Exclude the pictures and reproduce exactly the lines that run from the one holding "RinoSet® program - rozměr 300x200x30cm_obr11" to the end of the entries below.

(Saved data entries)
· · ·
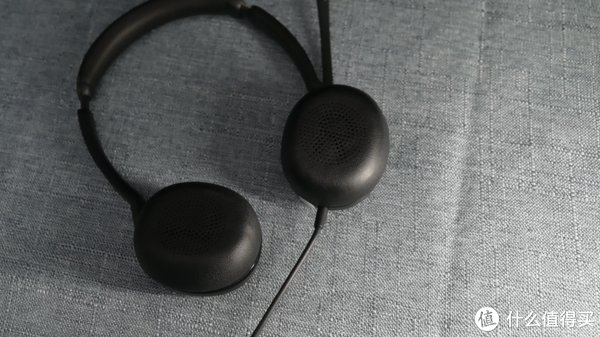 Kaiyun：华为FreeBuds Pro 4：双向静谧通话技术引领降噪新纪元不容错过！(图1)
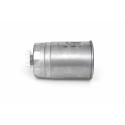Filtre à carburant BOSCH 1 457 434 460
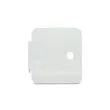 B&B MOLDERS LLC Replacement Hatch Door - 94180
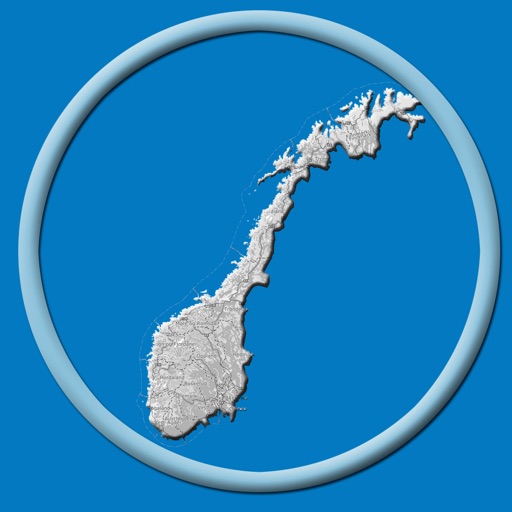 Tour Norway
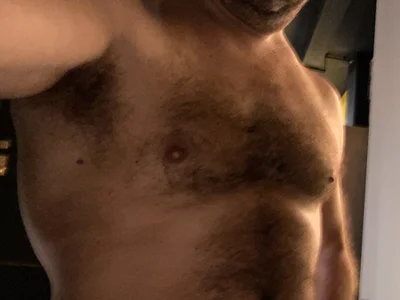 Lot_of_cumIT profile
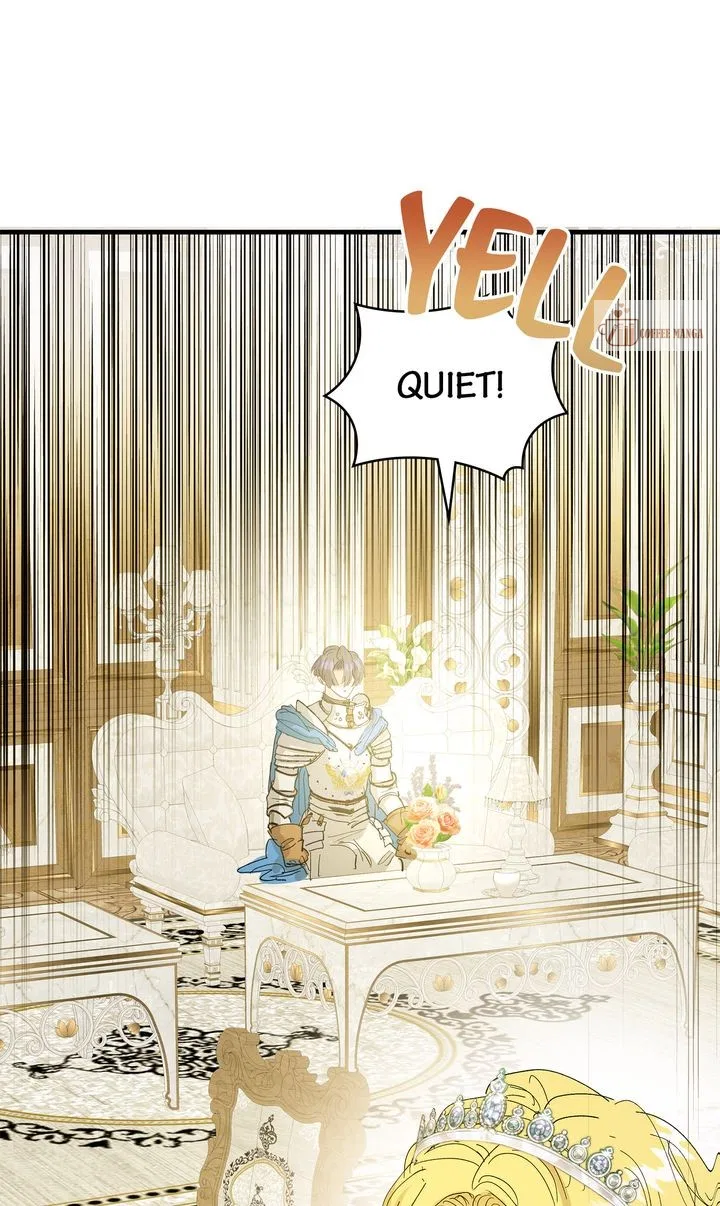 If You Want a Fake Sister Chapter 74 – Page 6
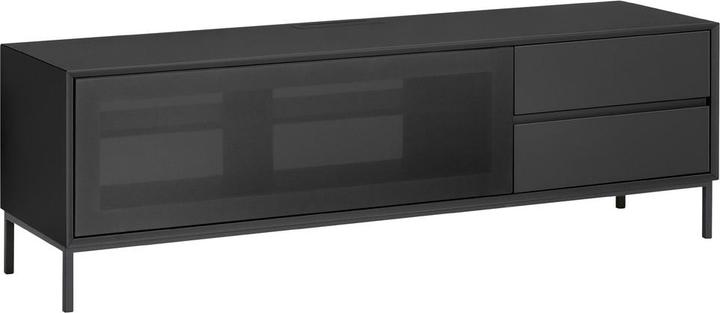 Produktbild Frame (180 x 45 x 55 cm)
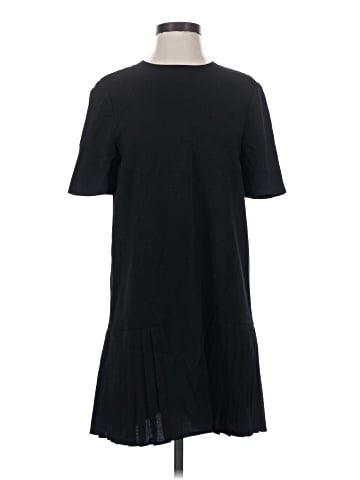 Zara Casual Dress (view 1)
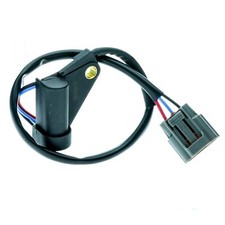 Kurbelwellensensor Impulsgeber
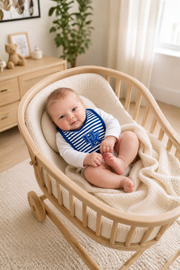 Striped_Bib_Creative_Knitwear_FKY453_Royal_White_New_Born_1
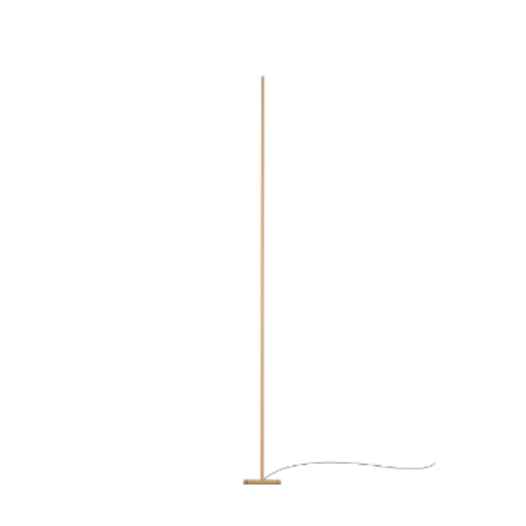 LUMINÁRIA PISO PERFIL ALUMÍNIO E ACRÍLICO FITA LED 5W FONTE 12V 20X222,5CM | DIMLUX 15-TO/ALUMINIO LUMINÁRIA PISO PERFIL ALUMÍNIO E ACRÍLICO FITA LED 5W FONTE 12V 20X222,5CM | DIMLUX 15-TO/ALUMINIO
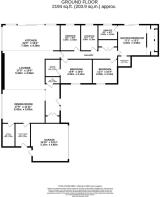 36 Penn Drive Frenchay BS16 1NN-high.jpg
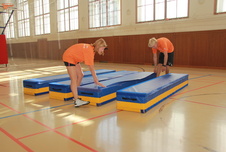 RinoSet® program - rozměr 300x200x30cm_obr11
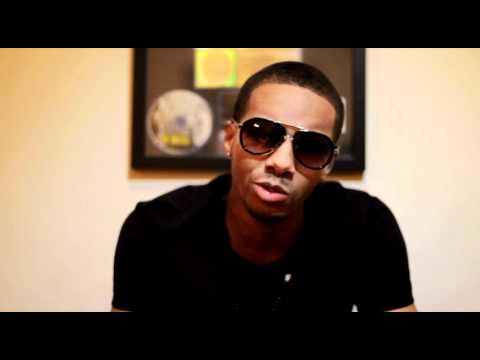 Lee Carr - Ex-Man / Fall For Your Type Jamie Foxx ft Drake (Official Music Video) New R&B 2011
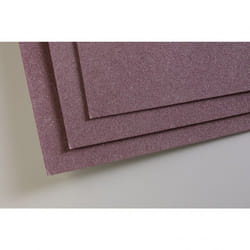 Clairefontaine PastelMat Foglio d'arte 5 fogli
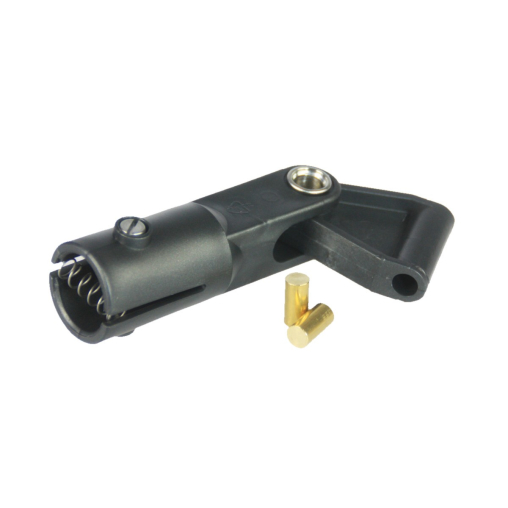 VERMOP Sprint Reparatur-Set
· · ·
§ WRITTEN ANSWER
 RinoSet® program - rozměr 300x200x30cm_obr11
 Lee Carr - Ex-Man / Fall For Your Type Jamie Foxx ft Drake (Official Music Video) New R&B 2011
 Clairefontaine PastelMat Foglio d'arte 5 fogli
 VERMOP Sprint Reparatur-Set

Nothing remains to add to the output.